SOBRE "LE PETIT PRINCE"

     Le he dado muchas vueltas a este colofón parisino, a este final francés. Dudaba entre terminar a la usanza, con versos incluidos, o ser más aleccionador y crítico. Pero al final, en el momento menos esperado, bien temprano, a bordo de un automóvil y conversando con mis tres compañeros de viaje, ha surgido la luz, y aquí se la traigo, radiante como la primavera que nos invade.
     Cuando he de hablar de un libro como este, tan leído, tan idolatrado, tan consagrado, acostumbro a pensar mis palabras, no sea que alguno sienta herido su ego lector y sufra el arrebato de retorcerme el pescuezo…
     A tenor de las lecturas escolares, decían los de esta mañana (ninguno de ellos maestro, aviso…) que los libros de ahora, unos efímeros, otros inadecuados, no son como los de antes, sempervirentes y de exquisita redondez.

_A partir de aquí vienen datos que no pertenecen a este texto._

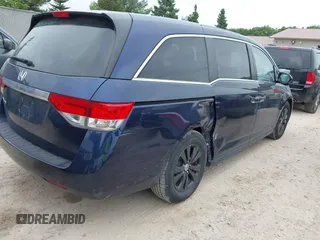2015 Honda Odyssey EX-L z VIN 5FNRL5H68FB070392, wystawiony jako IAAI lot #42412403 z przebiegiem 146 907 mil mil oraz . Historia ofert i sprzedaży dostępna na DreamBid. Obrazek 4.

Y ponían como ejemplo la obra que trato hoy, El principito de Antoine de Saint-Exupéry. Y hablaban de cómo su texto tenía la capacidad de adaptarse a las edades del hombre, de sus variados niveles de lectura, de cómo las acuarelas del autor seguían vivas tras tantos años…
     Les seré sincero: yo soy de esos que han leído El principito a una edad tardía. Y como cualquier hijo de vecino, he tenido mis razones para no hacerlo antes. Veamos…: en mi niñez prefería títulos con argumentos más dinámicos, con buenas dosis de aventura, o si no era así, exóticos al menos, por lo que la ñoñería y parsimonia de ese niño caído de un planeta con nombre de ecuación matemática no me sugerían ni un ápice de curiosidad, mucho menos después de intentar ver la versión cinematográfica de Stanley Donen: horrible (todavía hoy lo sigo pensando). Hasta que llegó un día, el día adecuado. Y lo leí. Y me atrapó… Como ya saben, cuando caes en las garras de un libro especial, te devora una extraña quemazón. Y te envenena.
     Conozco a mucha gente a la que no agrada este príncipe que arrancaba baobabs (costumbre que me pareció insolidaria y fea de solemnidad desde que leí que este árbol, debido a su soberbia y vanidad, fue condenado por los dioses a esconder su corazón en la tierra y mostrar eternamente sus raíces) y hablaba con zorros, pero quizá, conforme pasen los años, opten por la quietud, por la calma, y se endulcen como la fruta con libros como este, para dejar de ser viejos, para dejar de ser niños.